» ENTRIES SUPPLIED
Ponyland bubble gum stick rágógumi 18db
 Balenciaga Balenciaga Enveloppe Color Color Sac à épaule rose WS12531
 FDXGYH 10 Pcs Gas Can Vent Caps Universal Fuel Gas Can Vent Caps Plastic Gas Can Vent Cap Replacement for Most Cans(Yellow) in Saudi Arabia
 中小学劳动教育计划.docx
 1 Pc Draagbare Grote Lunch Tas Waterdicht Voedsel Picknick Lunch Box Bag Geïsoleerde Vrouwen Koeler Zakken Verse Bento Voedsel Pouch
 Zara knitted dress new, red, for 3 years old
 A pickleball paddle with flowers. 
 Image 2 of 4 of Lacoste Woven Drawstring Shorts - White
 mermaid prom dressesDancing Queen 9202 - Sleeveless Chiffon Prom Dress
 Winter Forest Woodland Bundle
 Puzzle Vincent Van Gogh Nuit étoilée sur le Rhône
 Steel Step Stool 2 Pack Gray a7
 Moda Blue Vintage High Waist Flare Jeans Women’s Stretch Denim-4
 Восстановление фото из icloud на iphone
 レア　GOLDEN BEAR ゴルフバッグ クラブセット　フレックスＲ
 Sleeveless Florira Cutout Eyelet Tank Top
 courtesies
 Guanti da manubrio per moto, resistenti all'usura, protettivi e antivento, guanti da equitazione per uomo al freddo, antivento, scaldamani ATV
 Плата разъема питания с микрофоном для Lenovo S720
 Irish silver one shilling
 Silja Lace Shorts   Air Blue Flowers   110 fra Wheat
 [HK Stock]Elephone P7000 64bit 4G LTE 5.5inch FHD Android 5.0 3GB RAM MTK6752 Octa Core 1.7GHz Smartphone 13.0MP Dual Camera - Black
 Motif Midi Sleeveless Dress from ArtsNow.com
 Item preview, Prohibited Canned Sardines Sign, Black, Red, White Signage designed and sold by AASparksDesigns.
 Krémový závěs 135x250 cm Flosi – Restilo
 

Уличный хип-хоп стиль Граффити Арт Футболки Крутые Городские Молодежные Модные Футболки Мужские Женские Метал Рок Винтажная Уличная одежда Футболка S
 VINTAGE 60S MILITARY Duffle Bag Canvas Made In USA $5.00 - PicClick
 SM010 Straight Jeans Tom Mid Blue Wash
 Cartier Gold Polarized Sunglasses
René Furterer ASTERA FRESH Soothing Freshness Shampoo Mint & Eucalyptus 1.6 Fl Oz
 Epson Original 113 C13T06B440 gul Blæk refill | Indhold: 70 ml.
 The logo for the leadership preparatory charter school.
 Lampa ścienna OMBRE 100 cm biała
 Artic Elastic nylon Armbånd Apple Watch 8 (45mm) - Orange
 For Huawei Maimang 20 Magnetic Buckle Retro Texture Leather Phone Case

» WHAT YOU SHOULD DO
Beginning at the line that holds "Artic Elastic nylon", write out word for word each line through the end of the records.

» RESULT OF THIS TASK
 Artic Elastic nylon Armbånd Apple Watch 8 (45mm) - Orange
 For Huawei Maimang 20 Magnetic Buckle Retro Texture Leather Phone Case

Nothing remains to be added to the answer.